Des centaines de municipalités au Québec ont des zones de grand courant, appelées dans le jargon « 0-20 ans ». Elles ont donc 5 % de risques d’être inondées chaque année, selon un registre du ministère des Affaires municipales. Il s’agit, selon une définition du gouvernement du Québec, d’un espace situé près d’un lac ou d’un cours d’eau « qui peut être inondé lorsque les eaux montent (crues) en raison d’un amas de glaces ou de débris empêchant l’eau de s’écouler adéquatement ». Pensons par exemple aux villes touchées par les inondations de 2017 et de 2019, en Outaouais, dans la grande région de Montréal ou en Mauricie.

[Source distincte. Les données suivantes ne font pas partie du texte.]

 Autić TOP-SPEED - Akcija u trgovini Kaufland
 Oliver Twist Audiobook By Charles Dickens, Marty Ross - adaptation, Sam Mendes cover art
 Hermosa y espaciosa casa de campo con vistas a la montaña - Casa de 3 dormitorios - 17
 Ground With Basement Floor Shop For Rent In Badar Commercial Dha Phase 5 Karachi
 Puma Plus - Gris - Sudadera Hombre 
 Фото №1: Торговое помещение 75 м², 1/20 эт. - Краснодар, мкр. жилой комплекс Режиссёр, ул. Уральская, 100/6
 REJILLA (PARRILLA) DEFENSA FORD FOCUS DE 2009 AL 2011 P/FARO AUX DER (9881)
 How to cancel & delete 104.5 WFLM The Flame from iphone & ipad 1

PHOTO ALAIN ROBERGE, ARCHIVES LA PRESSE

Les inondations survenues au printemps 2017 ont causé bien des dégâts en Mauricie.

Mais les spécialistes ne s’étonnent pas du changement de cap de Desjardins, qui s’inscrit dans un courant mondial de « finance verte », indique Danielle Pilette, professeure associée à l’Université du Québec à Montréal (UQAM) spécialisée en finances et fiscalité municipales. « Il y a toute une révision des risques qui est faite par les prêteurs hypothécaires et les assureurs, que ce soit sur la côte est américaine ou en Californie, par exemple », dit-elle.

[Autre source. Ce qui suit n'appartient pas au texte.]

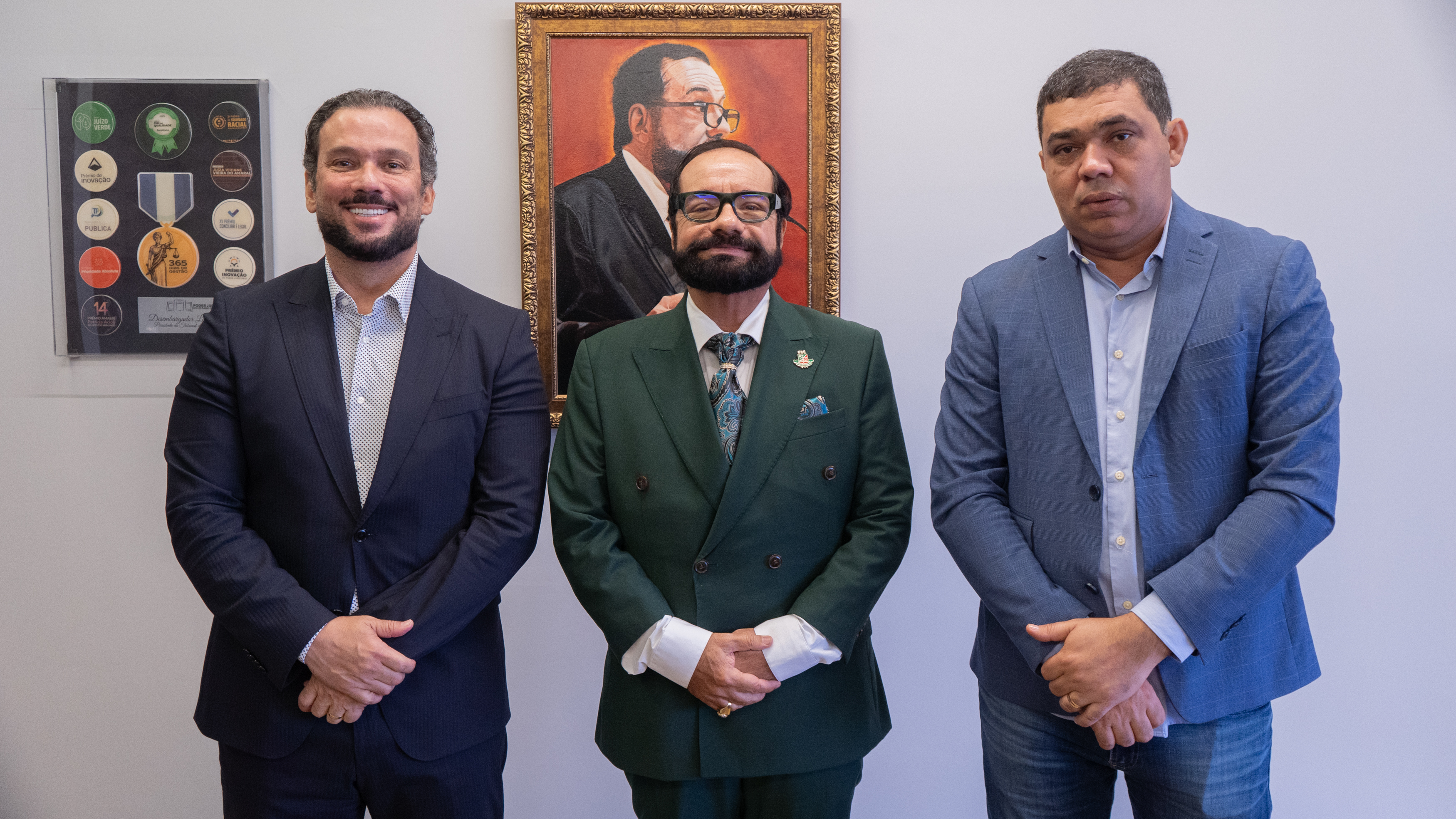 Judiciário de Roraima reúne representantes dos Três Poderes em agenda institucional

Que ce soit en raison de l’érosion des berges, de la montée du niveau de la mer ou d’inondations causées par des précipitations extrêmes, ce sont ce genre de décisions d’affaires qui vont « rendre conscients les citoyens des risques réels des changements climatiques », ajoute-t-elle.

De nouvelles cartes au printemps

Pascale Biron, professeure d’hydrogéomorphologie à l’Université Concordia, n’est pas non plus étonnée. Elle affirme également que dans le cas de Baie-Saint-Paul, le risque d’inondation est historique, et pas nécessairement lié aux changements climatiques.

PHOTO EDOUARD PLANTE-FRÉCHETTE, ARCHIVES LA PRESSE

D’importantes inondations ont ravagé certains secteurs de Baie-Saint-Paul et de ses environs, le printemps dernier.

Elle souligne que le gouvernement du Québec doit présenter son nouveau règlement permanent encadrant l’aménagement du territoire en zones inondables au printemps, avec une cartographie mise à jour et de nouveaux termes. Plutôt que de parler de zone d’inondation 0-20 ans, ou 0-100 ans, on parlera de risque d’inondation « élevé » ou « modéré », par exemple.

Puisque de nombreuses municipalités n’avaient pas de cartes de zones inondables, il est tout à fait possible que des propriétaires de maison se retrouvent dans une zone à risque élevé. « L’objectif de cartographier les zones inondables est de protéger les gens contre eux-mêmes », précise Mme Biron.

Mais si tout le monde s’entend pour ne plus y permettre de nouvelles constructions, comment faire pour aider les résidants qui s’y trouvent déjà ? « C’est la question à 1 million. Dans certains cas, on peut faire de l’immunisation, diriger l’eau vers les parcs. Mais dans les secteurs les plus à risque, il faut se résoudre à l’inévitable que la meilleure solution reste de s’en aller de là », dit la professeure.

En savoir plus
  • 40 %
    Le Mouvement Desjardins est le plus gros prêteur hypothécaire au Québec. Une étude publiée en mars 2023 estimait à 40 % sa part de marché dans l’ensemble de la province pour l’année précédente. Plus populaire en région, il demeure quand même le prêteur numéro un dans la région métropolitaine de Montréal avec des parts de marché d’environ 30 %. « Dans d’autres régions, comme le Saguenay–Lac-Saint-Jean, elle a émis plus de 50 % des hypothèques », mentionne l’étude de JLR.